Though these penguins don’t mention any return, which makes me more in favor of their proposal.

 

DD Degg already noted Candorville (WPWG)‘s earlier commentary on Shatner in Space, but I found today’s ruminations on life in a small metal capsule more interesting.

I had fantasies of touring the nation in a camper with my faithful dog at my side, until I learned that “Travels With Charley” was, at best, fiction and perhaps a total fraud.

I prefer “Sullivan’s Travels,” which never pretended to have actually taken place, a factor that gave Preston Sturges a great deal more latitude to tell some truths.

 

As Clyde suggests, if you really did cut free in a camper, you’d only have enough space for about two changes of clothes, while you’d have to choose between paying for campsites — which could readily exceed the cost of renting an apartment — or living with a jug of water and a camp toilet in a very confined area.

Healthy skepticism includes recognizing the difference between an interesting vacation and a sustainable lifestyle.

Not to mention accepting the likelihood that you’d only be joined by your dog, not by Veronica Lake.

 

Speaking of whom — Charley, not Veronica — Pickles (WPWG) had a short arc this past week, reflecting on the life spans of dogs and, thus, the temporary nature of their companionship.

I’m not as mushy about it as Nelson, but I do think that each dog has lessons to impart and that you’re a better owner to the next one for it.

And, like Nelson’s grandpa, I’m at the stage where my current pup has a good chance of outliving me, which does bring some philosophy into it.

That’s also room for some skepticism, because it’s not a matter of whether I actually believe my dog will be waiting for me in the next life.

It’s a matter of whether I could handle an afterlife that included a dozen dogs, and that’s before we get into the question of how my ex-gf and ex-wife and I would sort out which dogs were waiting for whom.

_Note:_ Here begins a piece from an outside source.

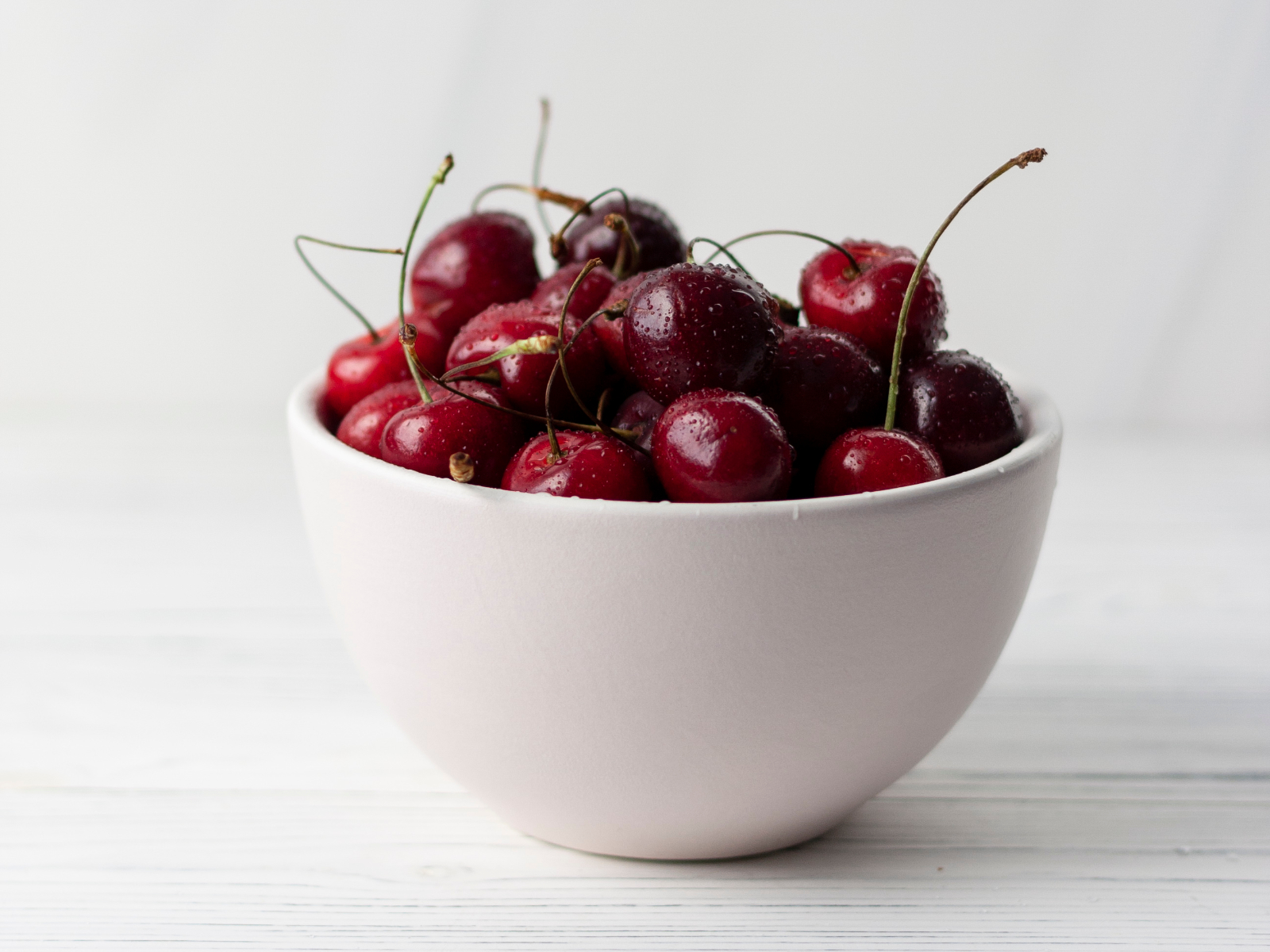 5 AntiInflammatory Fruits To Stock Up On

An eternity of weekends, alternate holidays and half-summers isn’t my vision of paradise. “Where’s his good collar? And why haven’t you been clipping his nails?”

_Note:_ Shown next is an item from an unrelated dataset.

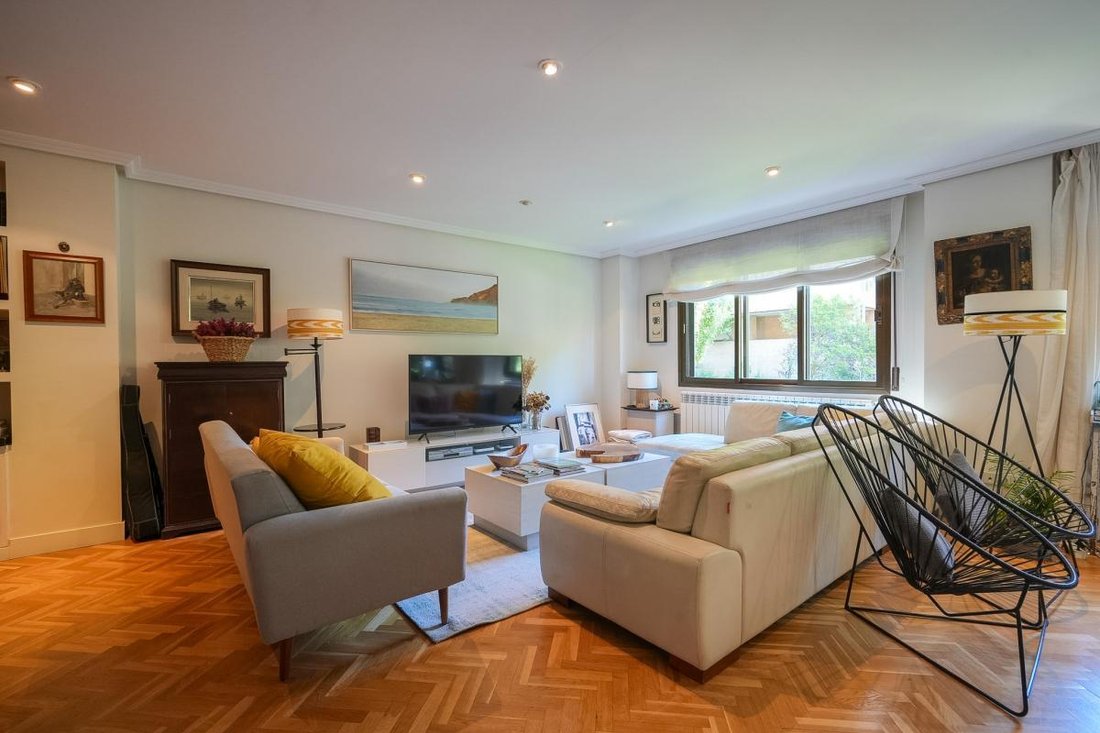 Apartment in Fuencarral-El Pardo, Madrid, Spain 3 - 17898628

However, I’m at least willing to extend scripture enough to believe that, in heaven, they neither poop, nor require to be scooped, but are as the angels.

 

Juxtaposition of the Day

(Rubes – Creators)

 

(Mannequin on the Moon)

Exquisite timing here, because yesterday I took a leaf-peeping trip up to my old stomping grounds along the shores of Lake Champlain, and stopped in to see my former partner on the business beat at the newspaper of which he is, 20 years later, the editor.

Generally, we just divided things up, but one story we covered as a team was the controversy over Alar, which was sprayed on apples to keep them from dropping before they were ripe. The Champlain Valley is a major apple-producing area, so we not only covered it over several weeks when the story broke, but again the next year when growers faced a harvest without it.

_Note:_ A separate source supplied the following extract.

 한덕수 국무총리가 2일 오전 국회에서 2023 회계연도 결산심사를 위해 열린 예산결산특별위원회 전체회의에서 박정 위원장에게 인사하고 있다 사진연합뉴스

I’m willing to bet that banning Alar didn’t make most apples organic, but, then again, I’d be willing to bet that they were organic back in Snow White’s days.

Which doesn’t raise nearly the number of questions that come up in MotM, a joke about the non-skeptical certainty that plant-based is automatically virtuous.

I’ll stipulate that eating less meat would be better not only for us but for the planet, but let’s not go overboard here. Even a vegan society would have a few wrinkles to work out.

For instance, the Bible then goes on to contrast Adam and Eve’s vegan and carnivore sons.

Which raises the crucial theological question:

How long did Cain hate his brother?

 

Frazz (AMS) really tweaks my skeptical — perhaps cynical — side, since I stopped thinking of college as home halfway through my sophomore year and I still think of where I grew up as “home.”

And, as it happens, when my boys were looking at colleges, I stipulated that, while I’d enjoy it if they were close enough to come home for Thanksgiving, I wanted them at least far enough away that they’d have to do their own laundry.

Wings and roots. And maybe a compass.

 

2 thoughts on “CSotD: The Curse of Certainty

  1. Listening to Shatner’s bizarre post-flight ramblings about death and darkness, I have to wonder if he wasn’t scared shipless up there.

    In space, nobody can hear you crap your pants.

  2. “Old age means realizing you will never own all the dogs you wanted to.”